Any day now, Donald Trump may walk back his Monday call for "a total and complete shutdown of Muslims entering the United States until our country's representatives can figure out what is going on." If so, he won't change his mind because he regrets insulting Muslim Americans — no small number of whom, unlike Trump, have served in the military — or because his rhetoric threatens to isolate this country when it needs allies, especially in the Middle East. He'll change his mind because he never really means anything he says.
Trump doesn't even mean it when he gives his word in writing. Remember when The Donald signed a pledge in September not to run as an independent candidate if he fails to win the Republican nomination? The pledge did not equivocate. No worries. By November, the billionaire scion was inching away from that pledge and hinting that it would apply only if the party were to treat him "fairly."
His followers think it's just ducky that he will say anything and isn't constrained by such hindrances as accuracy. It's clear that Trump never saw thousands of New Jersey Muslims celebrating when the World Trade Center towers fell on 9/11 as he claimed last month. They revel in his cheek. There's some truth somewhere behind his lies — and that is good enough for them.
I know that my reward for writing this column will be emails from Trump groupies who will call me a RINO — a Republican in name only — while extolling Trump as the real deal. They either do not know or do not care that over the past two decades, Trump has been registered as a Democrat, as a Republican and with the Independence Party. In 2009, when he was in his 60s, Trump switched his registration from the Democratic Party to the GOP.
It won't matter that unlike Trump, I never gave a dime to a Hillary Clinton campaign. I never gave a dime to the Clinton Foundation. Trump has given at least $100,000. In the 2006 election, Politico reported, Trump donated $5,000 to the Democratic Senatorial Campaign Committee and $20,000 to the Democratic Congressional Campaign Committee. The National Republican Senatorial Committee got a modest $1,000. Only after The Washington Post did an analysis of Trump's campaign contributions — and found that most of his donations had gone to Democrats — did Trump start giving more money to GOP campaigns.

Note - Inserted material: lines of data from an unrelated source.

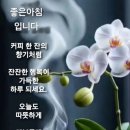 건행 - 용인시 기흥구 죽전로 10 | 건행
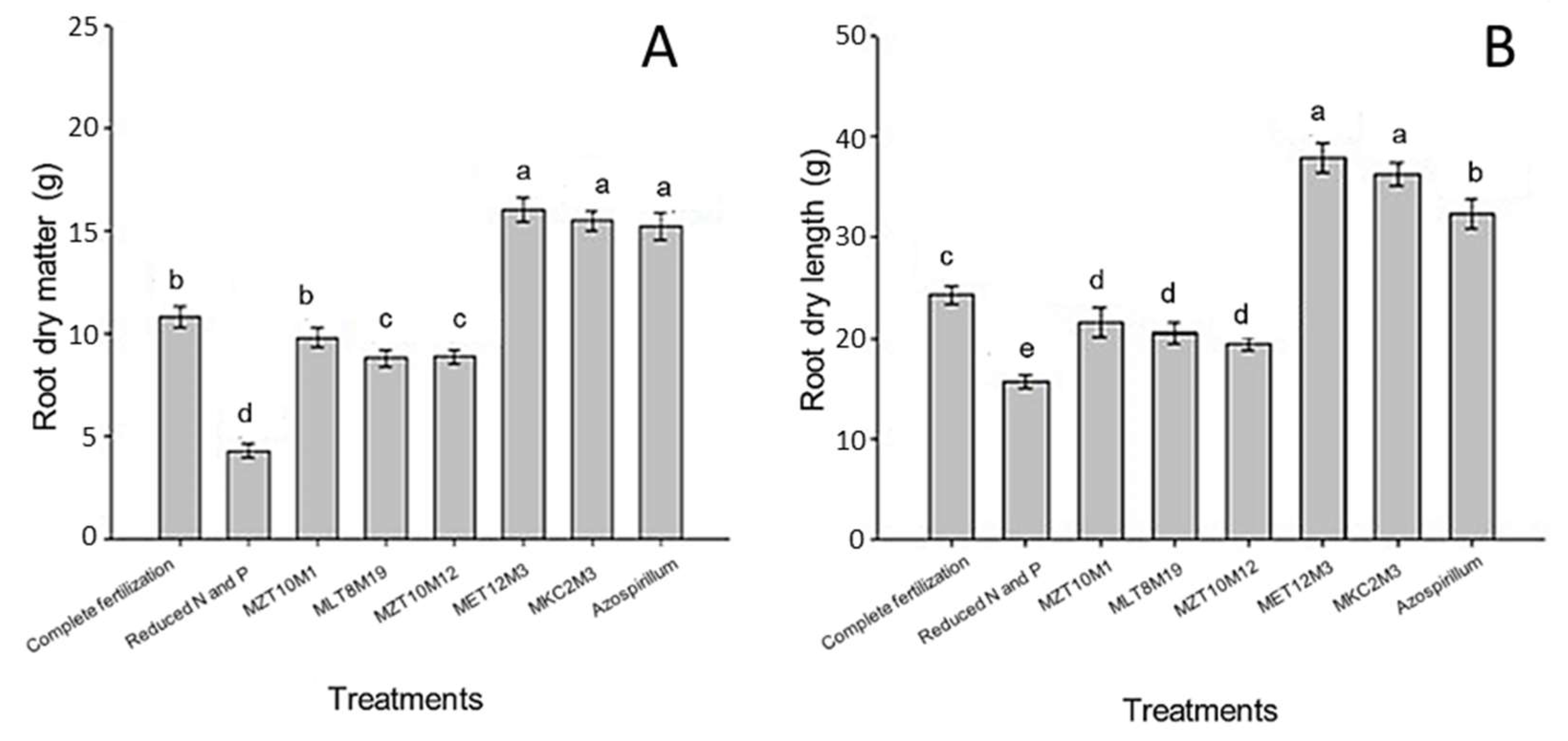 Microorganisms 10 02341 g010 Microorganisms 10 02341 g010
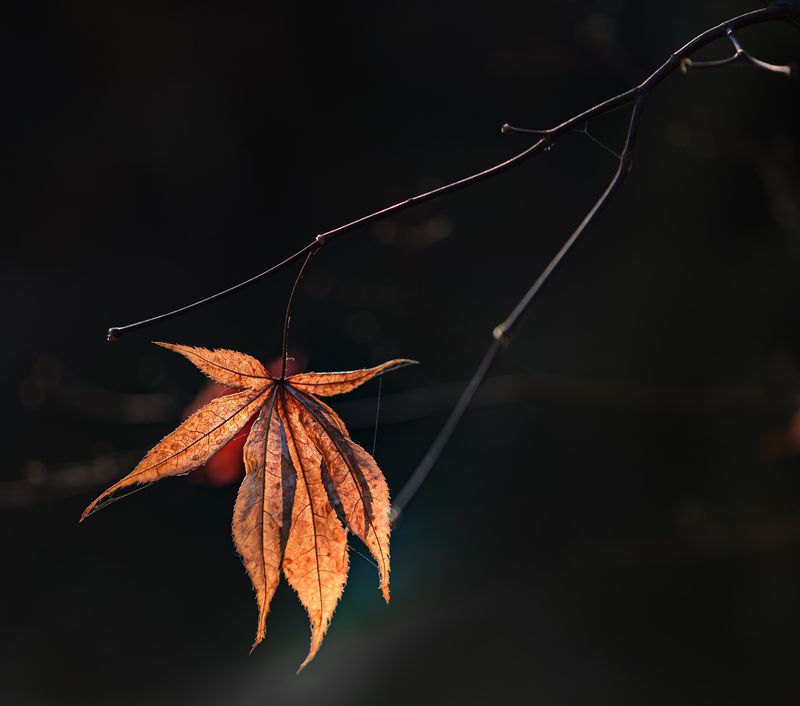 Позолоти ручкуphoto preview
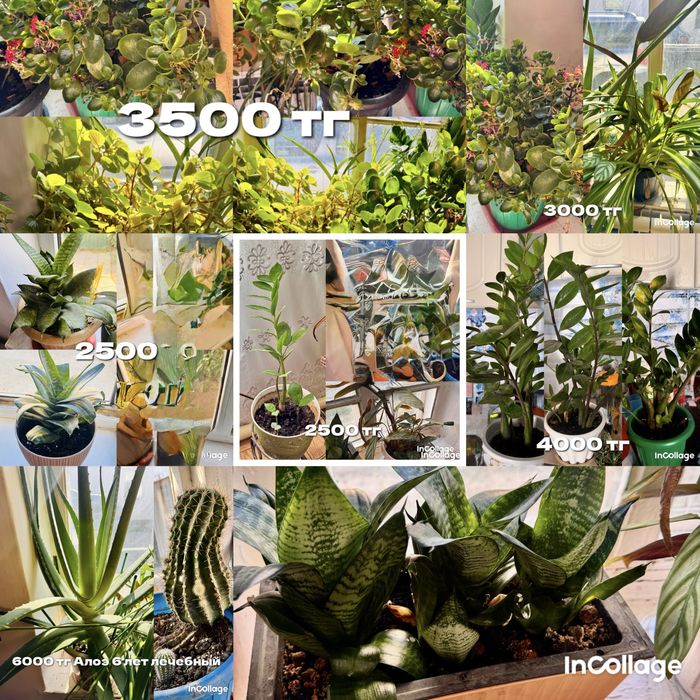 Домашние цветы, Үй гүлдері,гул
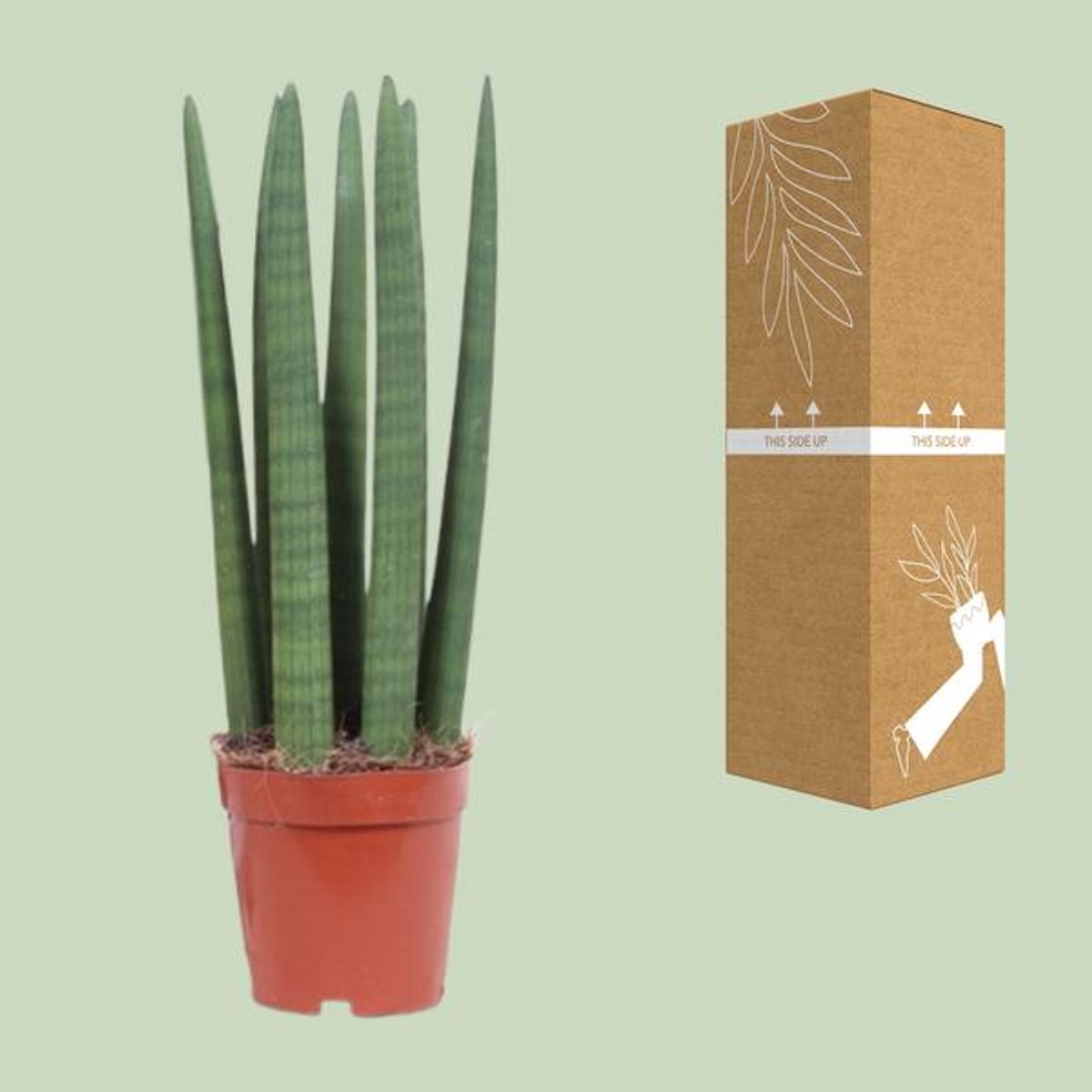 Sansevieria Straight - Ø12cm - 40cm
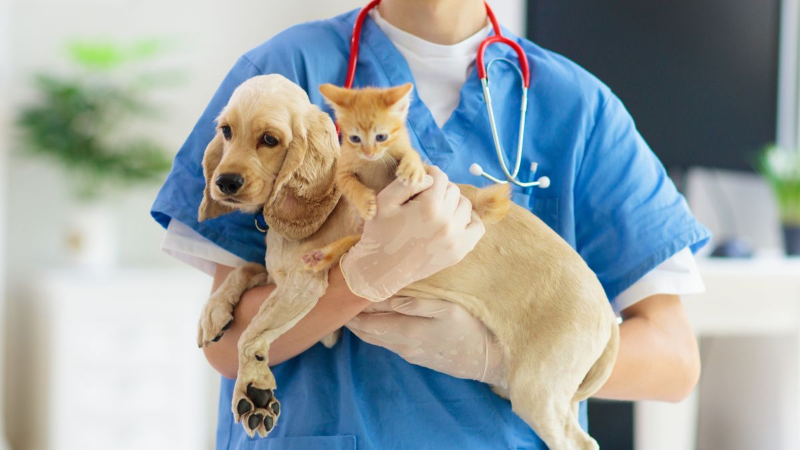 Phòng khám thú y Quận 3 chất lượng với uy tín và kinh nghiệm nhiều năm hoạt động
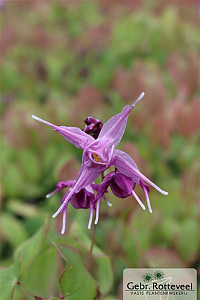 Epimedium grand. 'Lilafee'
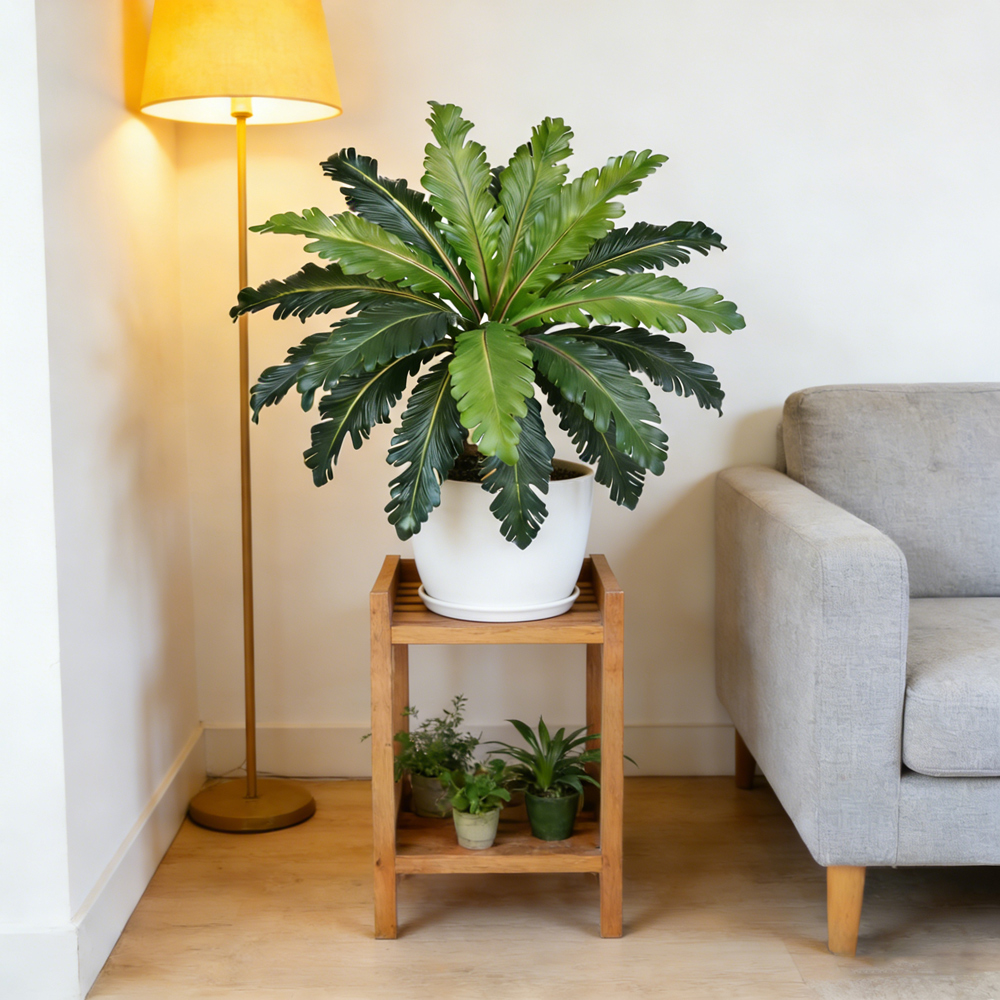 أوراق نباتات اصطناعية استوائية - مراجعة Snake Plant وسعره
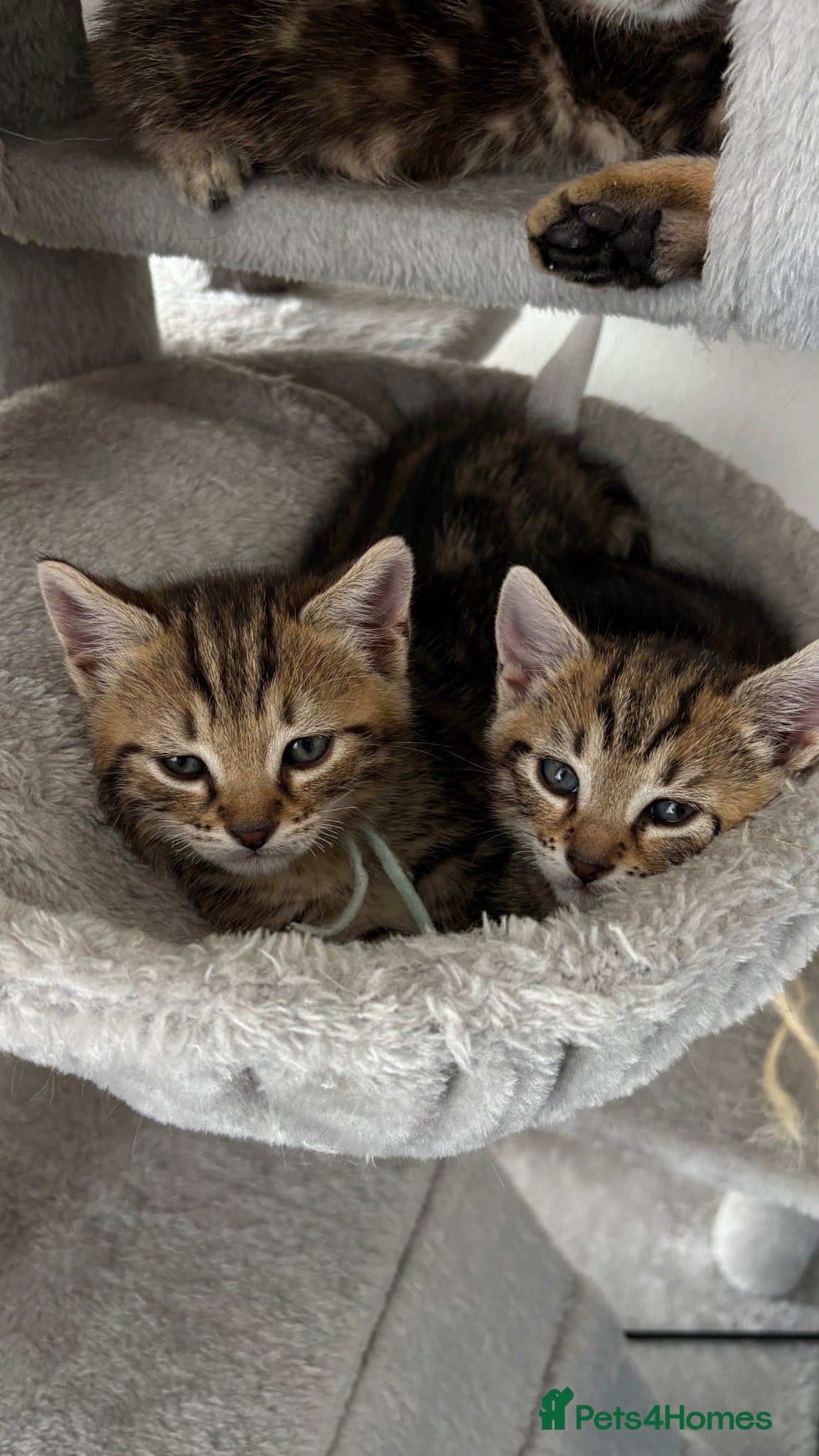 Bengal cats Bengal kittens 2males - Advert 2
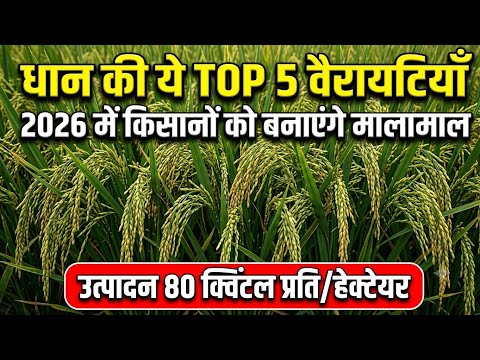 ✅ धान की यें 5 टॉप वैरायटी जो किसानों को बनाएंगी मालामाल उत्पादन 80 क्विंटल प्रति/हेक्टेयर || Dhan🌾 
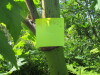 Thumbnail IMG_1418.JPG 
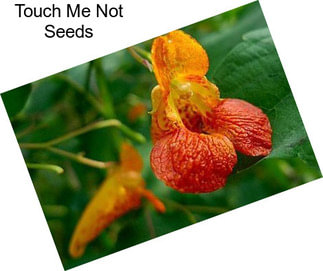 Touch Me Not Seeds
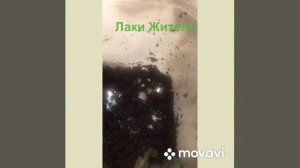 Как откладывают яйца улитки ахатины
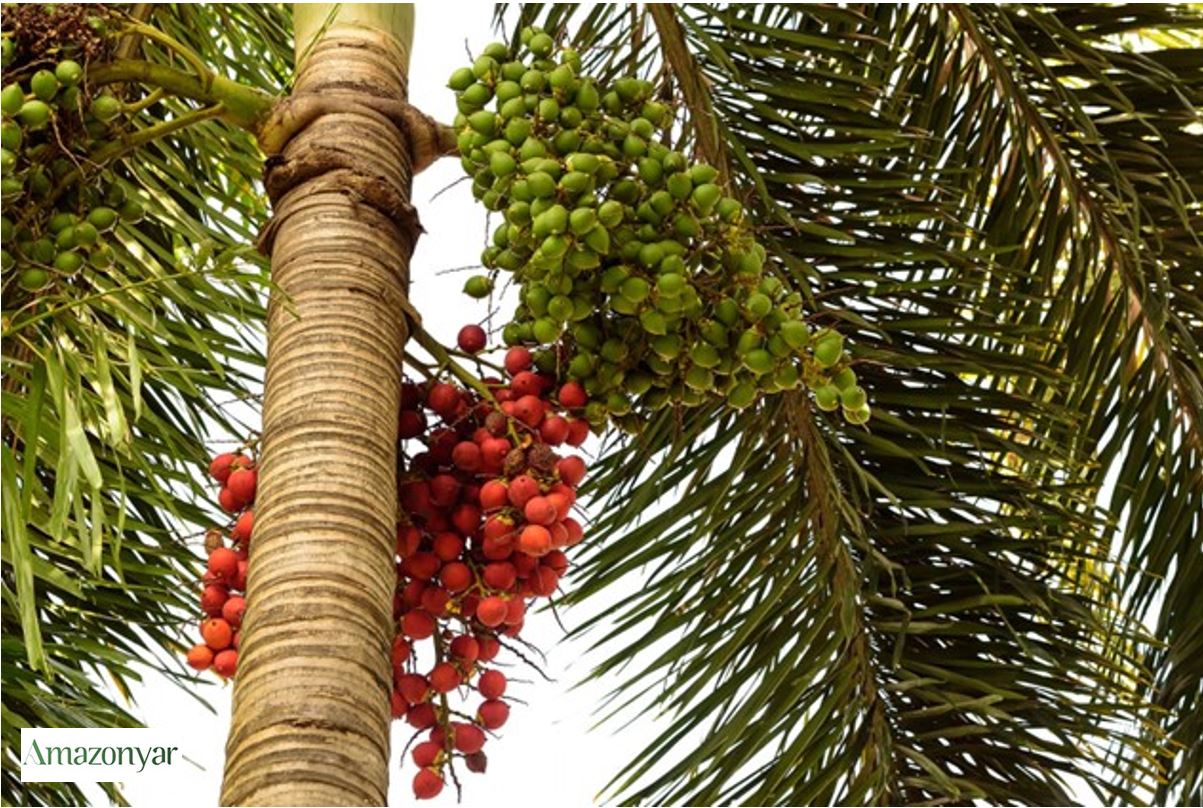 گیاه نخل اره ای یا ساوپالمتو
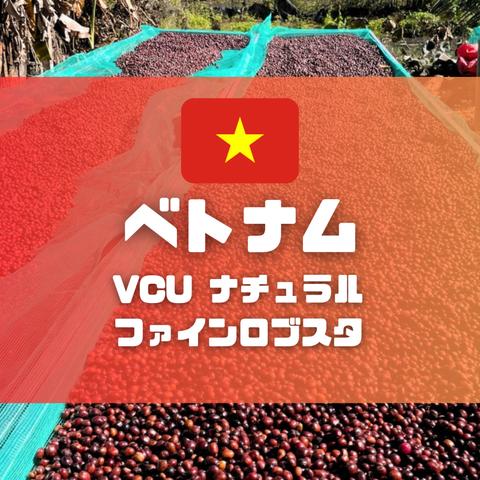 【希少】ベトナム　VCU　ナチュラルファインロブスタ　200g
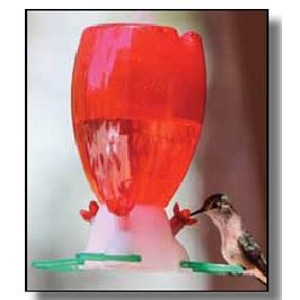 Audubon Pre Filled Hummingbird Feeder Brooks Feed Farm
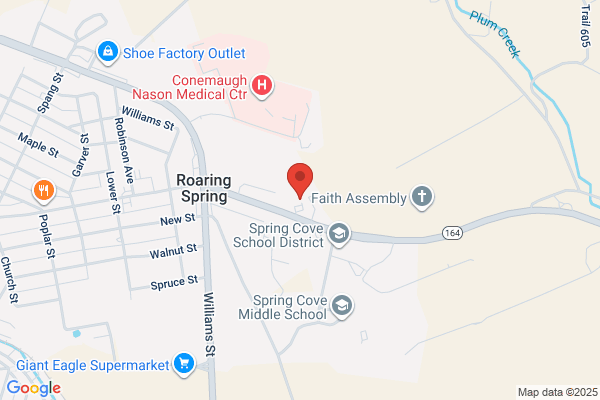 Companion Animal Hospital of Spring Cove
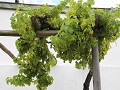 IMG 9828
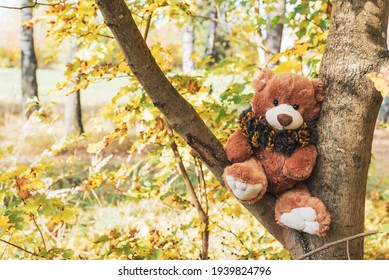 Stuffed toy animal Teddy bear dressed in a fluffy warm scarf sits on a tree in the autumn forest
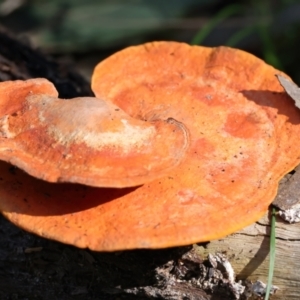 Trametes coccinea at Mogo, NSW - 24 Jul 2024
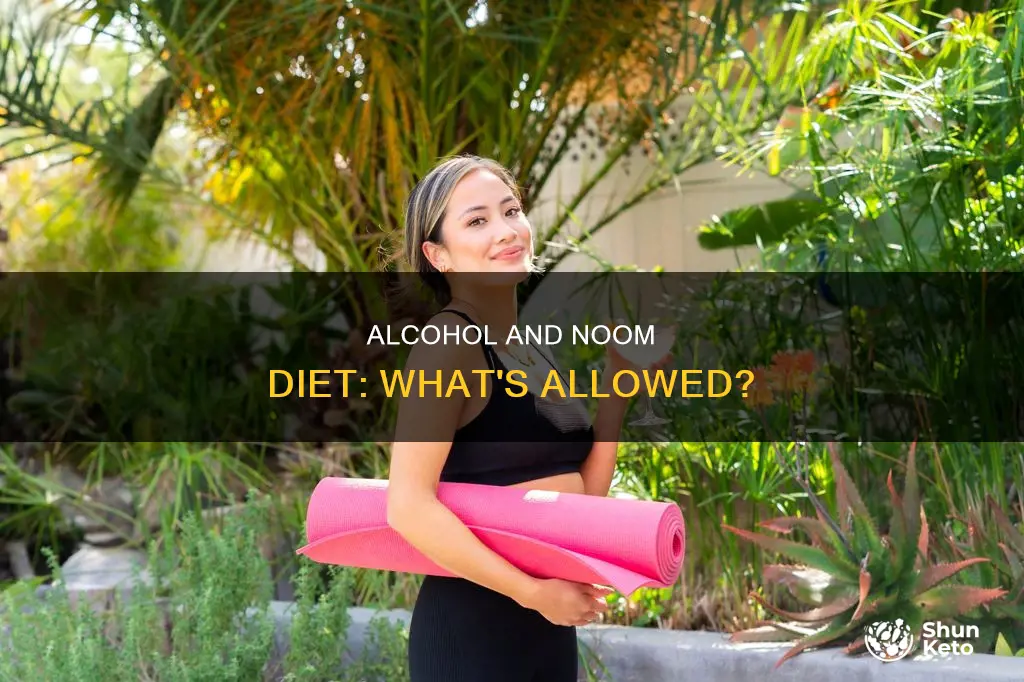 is alcohol allowed on the noom diet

In 2011, Trump gave $5,000 to the campaign of California Attorney General Kamala Harris, who had been a fierce supporter of San Francisco's "sanctuary city" policy. In 2013, he gave her another $1,000. In 2015, he says that he wants to build a wall across the Mexican border and that Mexico will pay for it.
The Islamic State group has triggered a diaspora from Iraq and Syria and ignited Islamic radicalism within the United States. Every minute that the news media focus on Trump's latest episode of verbal diarrhea is a minute not spent reporting on Syria and the San Bernardino, California, terrorist attack — life-and-death stories.
GOP rivals have been slow to slam Trump for his scurrilous statements, lest they offend Trump's cultlike followers. Clinton, who attended Trump's 2005 wedding, will have no such qualms.